Ethnography of a Meal-- Food, Identity and Time
Is there a correlation between food categories and social categories?
This essay seeks to critically evaluate Delaney's (2010: 259) assertion that "food categories also correlate with social categories." In order to evaluate this claim, it is therefore necessary to explain what it means. In addition, the evaluation of this claim, in an anthropological context, needs be conducted through the research method of an ethnography of a meal. My argument will use the ethnographic experience of a Shabbat meal with David Horowitz's family to assess this assertion and whether it could be applied and verified through the interactions which occurred around food at this meal.
Furthermore, I will demonstrate through this ethnography that I found this claim to be true in this context. Thus my essay will explore how a Shabbat meal and the food elements within it are all food categories which correlate to the social category of identity.
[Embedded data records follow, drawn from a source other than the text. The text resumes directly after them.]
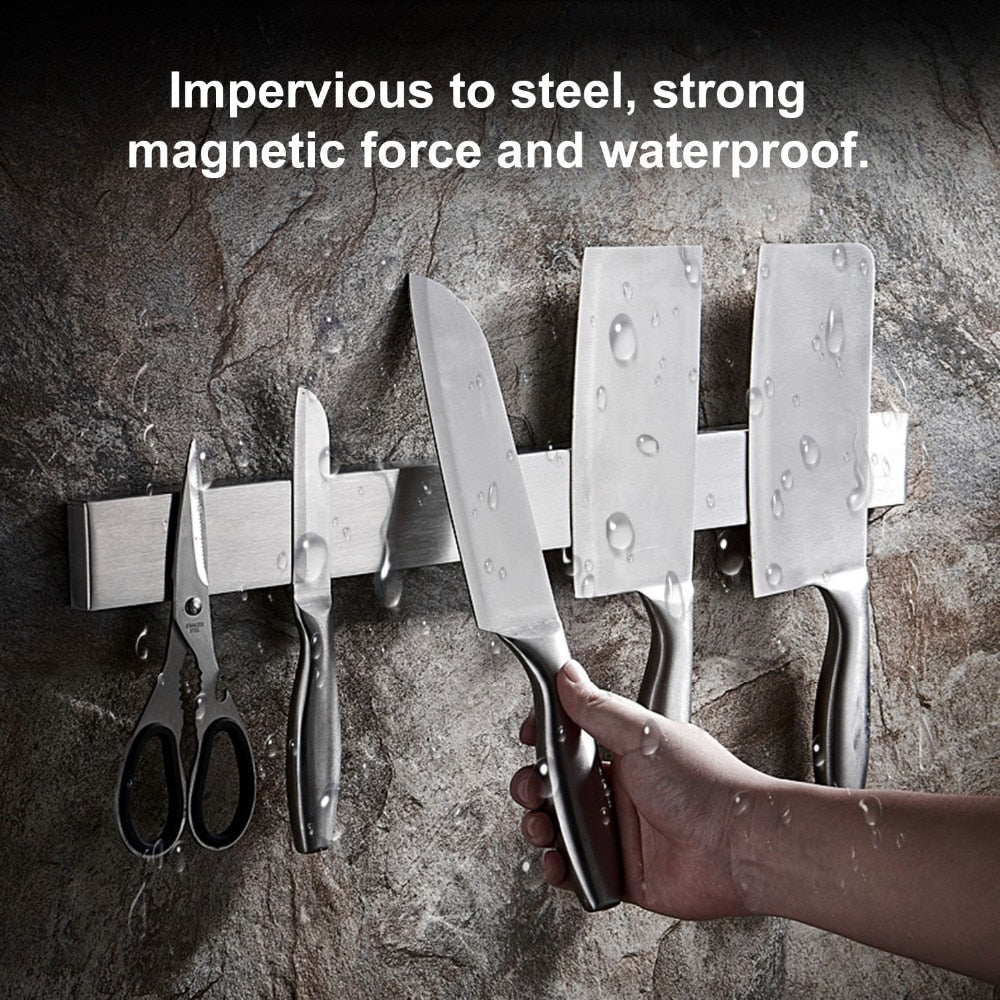 Magnetic Wall Knife Holder with 3M Adhesive Strip by HitMyNeed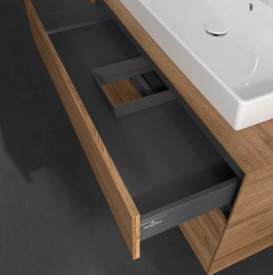 Тумба под раковину Villeroy & Boch Collaro 100х50 см с подсветкой ДСП дуб канзас C020B0RH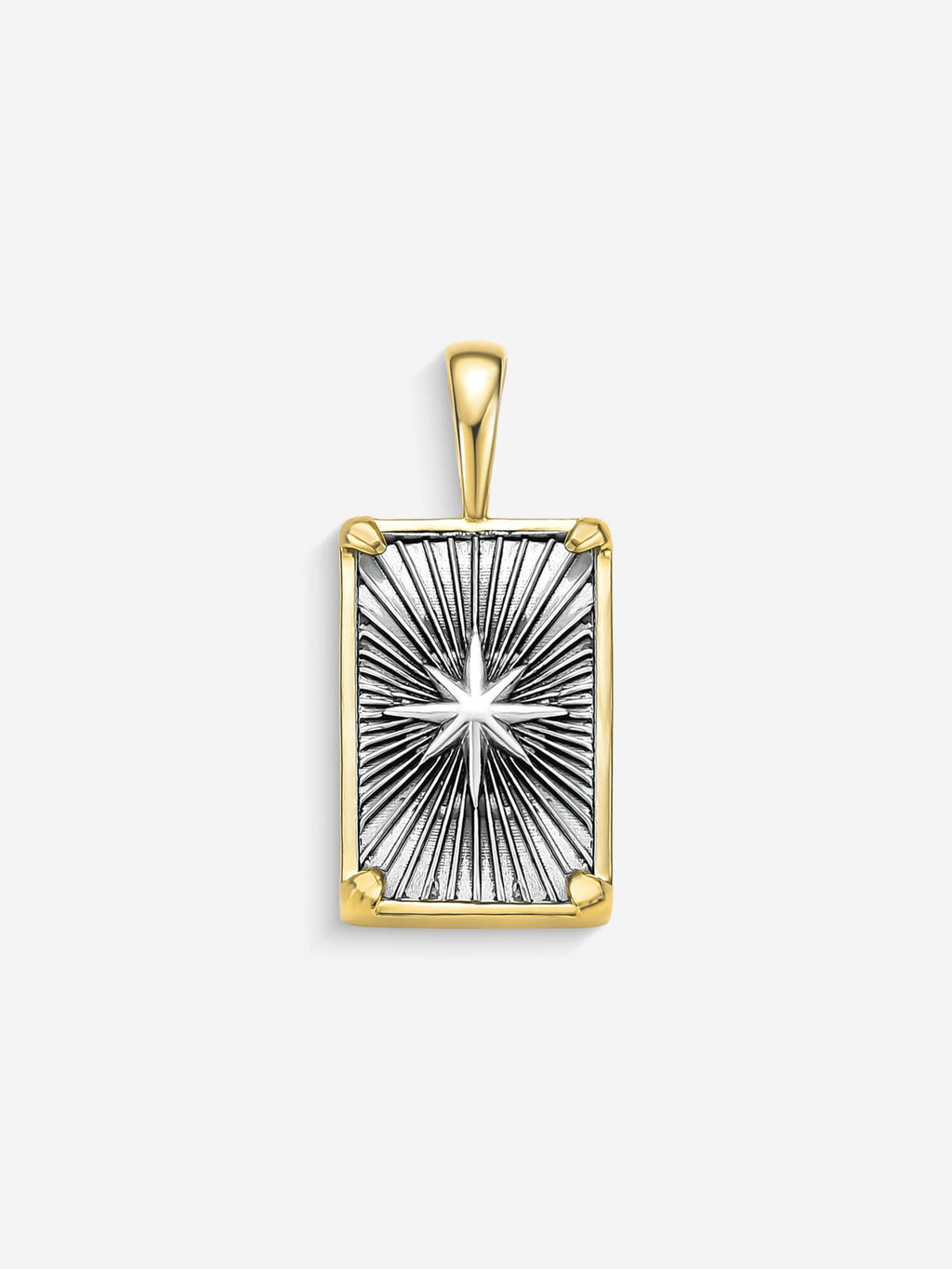 Pingente Compass II — Prata & Ouro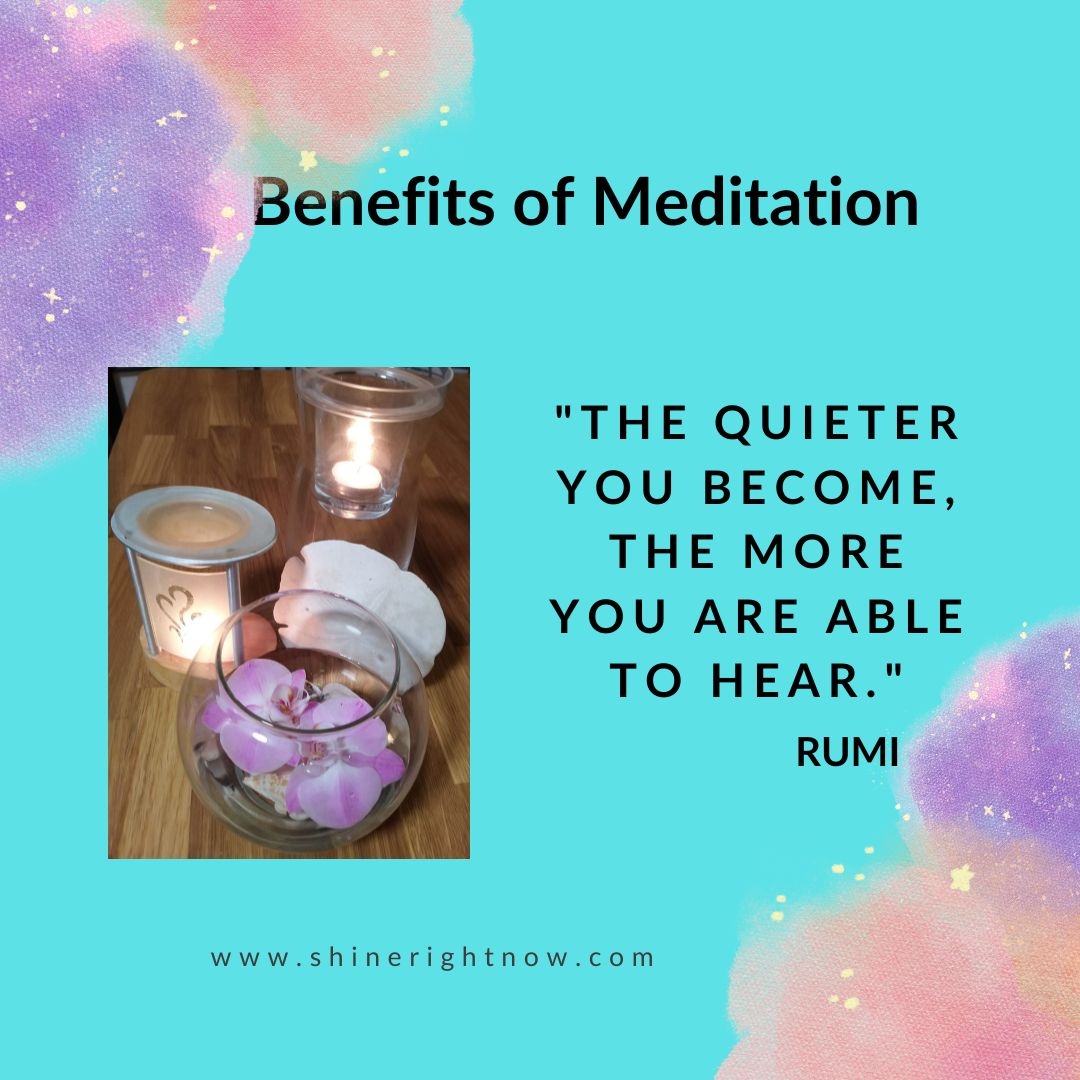 ShineReikiNow's tweet photo. Regular meditation lowers blood pressure, heart rate &amp; boosts immune system.. Migraine, insomnia, asthma, irritable bowel &amp; premenstrual syndromes respond all well to meditation, It also lessens depression, panic attacks &amp; anxiety.

#benefitsofmeditation #wellnesswednesday https://t.co/SXP9SPrvDs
Identity, in this ethnography, will relate to both a religious and familial identity. These aspects of food and a religious and familial identity will also demonstrate a close tie to the anthropological concept of time. Time, in relation to these aspects is thus religious and family time. As a result, this argument seeks to portray how Jewish religious observance of the Holy Sabbath meal presents a solution to the problem that modern Western society is increasingly faced to wit: the disappearance of family time, with a specific reference to the family meal.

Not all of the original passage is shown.